Although it is trite to say that an appeal is from the order not the reasons, it is nevertheless equally trite that the reasons often provide the basis for an appellate court’s finding that the order was either correct or in error. Interesting questions about the interplay between the order and the reasons can arise when a judge issues supplementary reasons with knowledge that an appeal has been commenced.
In Stuart Budd & Sons Limited v. IFS Vehicle Distributors ULC, the Ontario Court of Appeal held that a reasonable apprehension of bias arose after a motion judge issued supplemental reasons nine months after a brief endorsement. A new hearing was thus ordered.
In the context of a franchise class action, the appellants brought a motion alleging that Ontario lacked jurisdiction or, in the alternative, was forum non conveniens. The motion judge held, in March 2014, that the respondents’ evidence on the motion was woefully deficient. He nonetheless adjourned the motion on his own initiative to allow the respondents to file supplementary evidence. His endorsement suggested that the appellants’ motion was unlikely to succeed. He issued a brief endorsement dismissing the motion after it was heard in April 2014. The Court of Appeal stayed the decision pending appeal in July 2014, and the motion judge issued supplementary reasons in February 2015. Within those supplementary reasons, he condemned the appellants’ tactics in bringing the motion, and expressed the view that jurisdiction motions frustrate the purposes of the Rules of Civil Procedure.

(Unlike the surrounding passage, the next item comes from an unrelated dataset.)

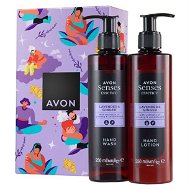 Avon dárková sada s vůní levandule a zázvoru - Gift Set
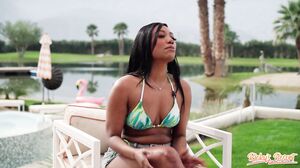 Ricky's Resort Season 2 Heats Up with a Curvy Ebony Beauty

For a unanimous Court of Appeal, Justice Epstein “regrettably” came to the view that the motion judge’s actions created a reasonable apprehension of bias. She partially based her conclusion on reasons that are not relevant to appellate practice per se such as:
- his adjournment on his own initiative (which could be seen as going out of his way to assist the respondents);
- his deciding the motion without allowing the appellants to make oral arguments on certain issues;
- inappropriately characterizing certain submissions of the appellants as “concessions”;
- a derisive tenor, including describing the motion an “abuse of process” on his own initiative; and
- being consistently discourteous towards the appellants’ counsel for no apparent reason.
Justice Epstein also gave helpful guidance about the circumstances in which delayed reasons will give rise to a reasonable apprehension of bias. Notably, when the judge has arrived at “an after‑the-fact justification for the decision rather than an articulation of the reasoning that led to the decision” or is engaged in “an after‑the-fact attempt not only to justify but also to bolster his decision”, a reasonable apprehension of bias may arise. Justice Epstein wrote:
 Delay in delivering further reasons, in and of itself, does not displace the presumption of integrity: […]. Moreover, a judge’s knowledge of a pending appeal is just a factor to be taken into consideration: […]
 However, in all of these circumstances, and in particular having regard to the conduct of the proceedings, I am of the view that an informed and reasonable observer would think that the Amended Endorsement was something other than an expression of the reasoning that led him to dismiss the motion.
 This case bears some similarity to Arnaout, which made clear that conduct will have the effect of displacing the presumption of integrity if, in all the circumstances, an informed and reasonable observer would think that the amendment was an after‑the-fact justification for the decision rather than an articulation of the reasoning that led to the decision […]
 In my view, the Amended Endorsement suggests that the motion judge was motivated to respond to the challenges to his decision. I refer to the motion judge’s expressly identifying and then responding to grounds of appeal addressed in the reasons on the stay motion. Specifically, the motion judge dealt with two of the three “serious issues” raised in the proposed appeal – the fact that his Second Endorsement only addressed jurisdiction in regards to the appellant IFS and the consequences of certain comments he made and actions he took.
 I find the portion of the Amended Endorsement where the motion judge attempts to justify his handling of the matter, particularly troubling […]
 In these passages, the motion judge appears to insinuate himself into the appeal process by attempting to defend his actions and his comments. It was an after‑the-fact attempt not only to justify but also to bolster his decision.
Despite believing that the motion judge was “no doubt well-intentioned”, Justice Epstein ultimately concluded that “the cumulative effect of the motion judge’s conduct is that an informed, reasonable observer, viewing the proceedings as a whole, would conclude that the appellants did not receive the fair hearing to which they were entitled” (para. 89). She nonetheless held that the costs of the first motion should be at the discretion of the judge hearing the second motion.
It is clear from Stuart Budd that issuing supplemental reasons will not always create a reasonable apprehension of bias. But it is equally clear that a judge seeking to protect his or her reasons from appellate scrutiny can be improper, and may be the basis to find that a reasonable apprehension of bias has arisen.